Obviously, you could still have an identity on table D, and then enforce a unique constraint on the the other 3 fields, but you wouldn't be gaining much by this.
- - - -
True there is no one correct way (there are plenty of incorrect ways or those that will yield potential for bad data)
- If your data model has some kind of sub-domain ie: Product Design vs Sales OR (Courses & Classes) vs (Students & Enrolments). Then sometimes having an Identity key on TableD, means you don’t have to carry the 3 cols with all their constraints through all the other tables in your data model.
Eg: In an educational institution: TableA = Classes, TableB = Teachers who teach that Class, TableC = Venues suitable for that class (think Science Labs vs PE/Sport). TableD could be a Class. (An instance of that course/teacher/venue & date). Giving TableD an uniqueID (ie: Class ID), makes it simpler with the next set of tables (Students, Class Enrolments, Assignments, Payments, Exam Results etc) to have just the one FK to TableD.
Clearly you’d have to weigh up the benefits (eg: Less overhead in FK lookups to enforce the DRI, narrower rows) vs disadvantage (eg: need join thru TableD if you want to Group or filter on TableA,B or C)

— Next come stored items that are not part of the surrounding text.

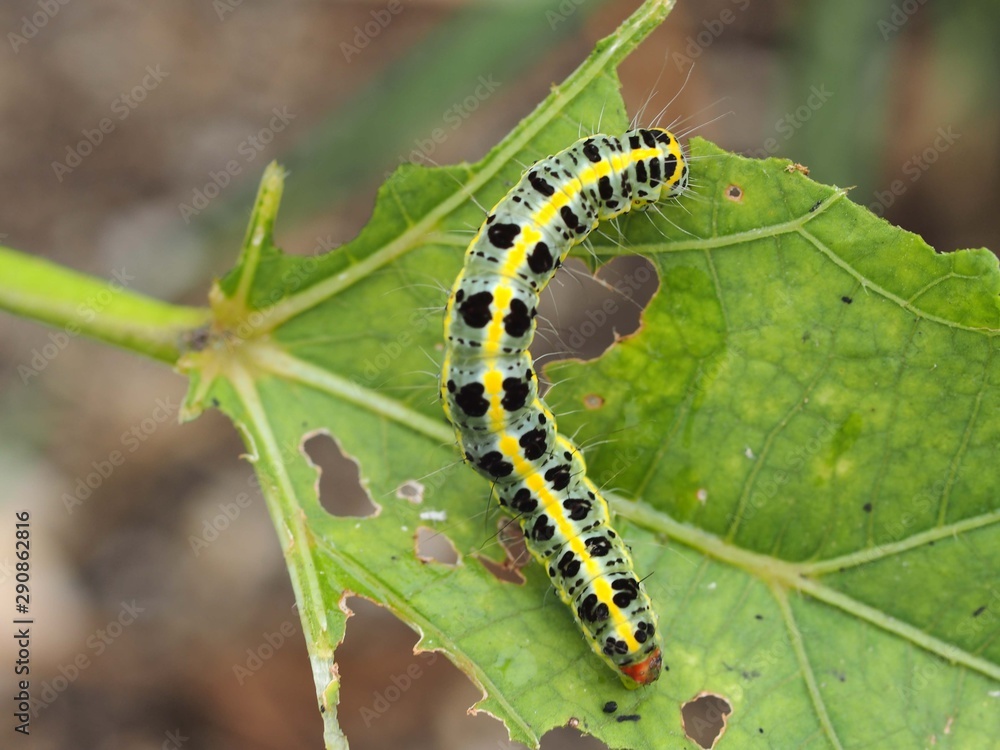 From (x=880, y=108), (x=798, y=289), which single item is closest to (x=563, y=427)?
(x=798, y=289)

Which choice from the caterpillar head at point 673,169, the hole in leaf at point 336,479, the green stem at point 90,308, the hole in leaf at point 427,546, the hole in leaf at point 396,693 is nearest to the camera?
the green stem at point 90,308

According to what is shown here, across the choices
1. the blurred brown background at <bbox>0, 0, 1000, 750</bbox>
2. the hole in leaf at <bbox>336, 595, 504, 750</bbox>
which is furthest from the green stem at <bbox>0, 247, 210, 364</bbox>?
the hole in leaf at <bbox>336, 595, 504, 750</bbox>

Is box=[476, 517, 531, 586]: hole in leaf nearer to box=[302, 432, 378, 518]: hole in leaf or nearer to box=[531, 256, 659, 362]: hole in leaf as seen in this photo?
box=[302, 432, 378, 518]: hole in leaf

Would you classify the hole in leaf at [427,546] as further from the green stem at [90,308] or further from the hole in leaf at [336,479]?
the hole in leaf at [336,479]

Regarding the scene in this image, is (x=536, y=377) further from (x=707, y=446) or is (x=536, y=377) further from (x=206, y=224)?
(x=206, y=224)

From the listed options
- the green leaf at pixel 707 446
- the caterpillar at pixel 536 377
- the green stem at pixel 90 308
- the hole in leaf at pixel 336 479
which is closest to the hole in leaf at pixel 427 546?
the green leaf at pixel 707 446

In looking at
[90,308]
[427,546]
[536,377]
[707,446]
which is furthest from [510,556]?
[90,308] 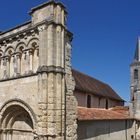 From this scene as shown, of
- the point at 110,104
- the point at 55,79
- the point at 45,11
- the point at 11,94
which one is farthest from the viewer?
the point at 110,104

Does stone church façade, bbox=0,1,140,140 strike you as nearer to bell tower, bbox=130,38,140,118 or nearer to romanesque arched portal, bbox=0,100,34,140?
romanesque arched portal, bbox=0,100,34,140

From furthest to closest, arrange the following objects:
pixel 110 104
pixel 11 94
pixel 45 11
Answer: pixel 110 104 → pixel 11 94 → pixel 45 11

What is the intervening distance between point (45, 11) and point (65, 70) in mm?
3289

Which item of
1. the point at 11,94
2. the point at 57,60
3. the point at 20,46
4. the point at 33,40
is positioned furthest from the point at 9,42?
the point at 57,60

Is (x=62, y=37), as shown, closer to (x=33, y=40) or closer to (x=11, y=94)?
(x=33, y=40)

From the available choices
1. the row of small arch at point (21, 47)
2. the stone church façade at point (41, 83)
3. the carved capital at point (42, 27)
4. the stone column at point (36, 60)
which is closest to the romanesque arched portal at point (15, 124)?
the stone church façade at point (41, 83)

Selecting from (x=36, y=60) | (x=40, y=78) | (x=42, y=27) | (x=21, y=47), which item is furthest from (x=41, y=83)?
(x=21, y=47)

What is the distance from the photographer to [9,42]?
13680 mm

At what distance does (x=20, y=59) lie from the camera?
519 inches

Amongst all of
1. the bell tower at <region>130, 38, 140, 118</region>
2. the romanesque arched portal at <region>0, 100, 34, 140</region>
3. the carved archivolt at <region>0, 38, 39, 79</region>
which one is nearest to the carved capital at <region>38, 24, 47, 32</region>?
the carved archivolt at <region>0, 38, 39, 79</region>

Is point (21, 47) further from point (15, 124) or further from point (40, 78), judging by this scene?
point (15, 124)

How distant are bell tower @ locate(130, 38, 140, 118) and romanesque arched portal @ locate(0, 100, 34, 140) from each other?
47.9ft

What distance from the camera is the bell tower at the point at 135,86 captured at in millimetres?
24734

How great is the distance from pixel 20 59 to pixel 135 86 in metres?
17.9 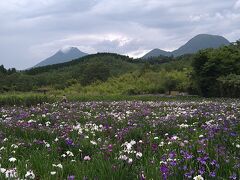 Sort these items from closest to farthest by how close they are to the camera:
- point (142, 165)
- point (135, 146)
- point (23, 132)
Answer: point (142, 165)
point (135, 146)
point (23, 132)

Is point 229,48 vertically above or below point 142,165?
above

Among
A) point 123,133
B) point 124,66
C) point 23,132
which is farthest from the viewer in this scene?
point 124,66

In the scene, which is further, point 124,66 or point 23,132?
point 124,66

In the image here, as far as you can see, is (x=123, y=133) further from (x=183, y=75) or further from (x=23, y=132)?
A: (x=183, y=75)

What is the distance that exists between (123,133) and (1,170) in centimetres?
359

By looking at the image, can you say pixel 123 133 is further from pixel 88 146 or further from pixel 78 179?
pixel 78 179

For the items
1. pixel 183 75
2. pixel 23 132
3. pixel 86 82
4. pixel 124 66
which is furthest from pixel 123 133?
pixel 124 66

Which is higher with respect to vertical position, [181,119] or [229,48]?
[229,48]

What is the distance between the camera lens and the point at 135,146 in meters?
6.50


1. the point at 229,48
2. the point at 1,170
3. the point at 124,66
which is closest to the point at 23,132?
the point at 1,170

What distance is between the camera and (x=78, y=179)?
4402 mm

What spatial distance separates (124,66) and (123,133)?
356ft

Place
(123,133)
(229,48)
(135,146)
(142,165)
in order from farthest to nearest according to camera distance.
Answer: (229,48) → (123,133) → (135,146) → (142,165)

- I’m unclear if you will achieve much with a unique key over the 3 cols unless you also have the 2 FK constraints. But that really depends on your use of data. Good idea if you’ve designed it well with strong normalisation. But if you had other FK’s (ie a Time column) it may be OK to have duplicates, as the uniqueness is in the extra columns. Eg: This car drove over this bridge & the time, is sufficient to do billing. But I agree I’d prefer the unique constraint on all 4 cols.
Thanks for the feedback